Infinite series are challenging (even when you know it)! I describe some background before asking my question(s).
A programming assignment asked to use an abstraction called product
to verify the following approximation of $\pi$:
$$ \frac{\pi}{4}=\frac{2\cdot 4\cdot 4\cdot 6\cdot 6\cdot 8\cdot 8 \cdots}{3\cdot 3\cdot 5\cdot 5\cdot 7\cdot 7 \cdots}\tag{1}\label{eq1} $$
I, rather credulously, rearranged the series in \eqref{eq1} as:
$$
{\pi\over 4}=2\cdot \left(\frac{4\cdot 4}{3\cdot 3} \right)\cdot \left(\frac{6\cdot 6}{5\cdot 5} \right)\cdot \left(\frac{8\cdot 8}{7\cdot 7} \right)\cdots = 2\cdot\prod_{i=1}^{\infty} \left(\frac{2i+2}{2i+1} \right)^2
\tag{2}\label{eq2}
$$
Then I wrote the program (using $10$ terms of the form $\left(\frac{2i+2}{2i+1} \right)^2$ where $i$ goes from $1$ to $10$) only to realize that I had committed a blunder. My faithful program calculated ${\pi\over 4}$ as $17.675817$.
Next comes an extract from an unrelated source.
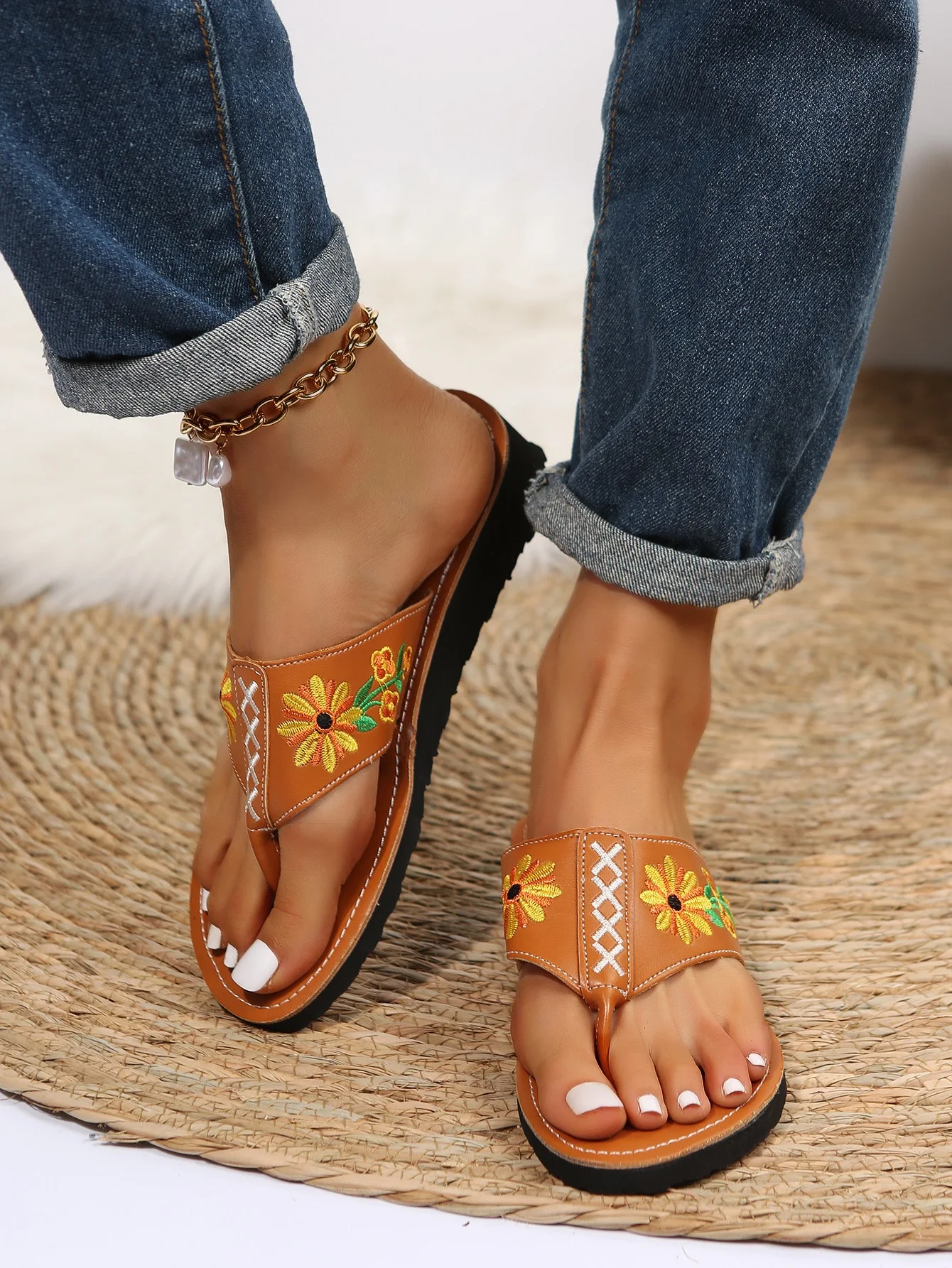 

Women's Sandals Shoes With Flowers 2022 Summer Pu Leather Flip Flops Fashion Elegant Flat Beach Ethnic Casual Slippers For Lady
I then looked up Wallis Product on Wikipedia which defines it as: $$ {\pi\over \textbf{2}}= \left(\frac{2\cdot 2}{1\cdot 3} \right)\cdot \left(\frac{4\cdot 4}{3\cdot 5} \right)\cdot \left(\frac{6\cdot 6}{5\cdot 7} \right)\cdots = \prod_{n=1}^{\infty}\frac{4n^2}{4n^2-1} \tag{3}\label{eq3} $$
I removed the bug in my program by using Wallis Product as defined in \eqref{eq3}.
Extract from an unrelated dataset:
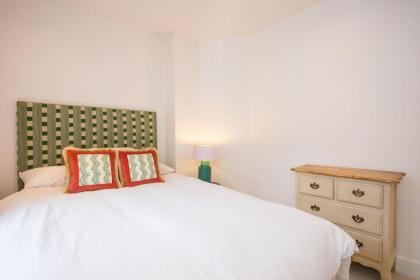 Quirky 2 Bedroom Portobello House With Roof Terrace - image 8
I am somewhat aware of the convergent tests of infinite series, but I guess I am not that familiar with their valid manipulations. Here are my questions based on this experience:
Exactly what disallows equation \eqref{eq2} as a rearrangement of \eqref{eq1}? Why aren't these two equations equivalent?
Why is \eqref{eq3} a valid rearrangement of \eqref{eq1} (if it is, that is)?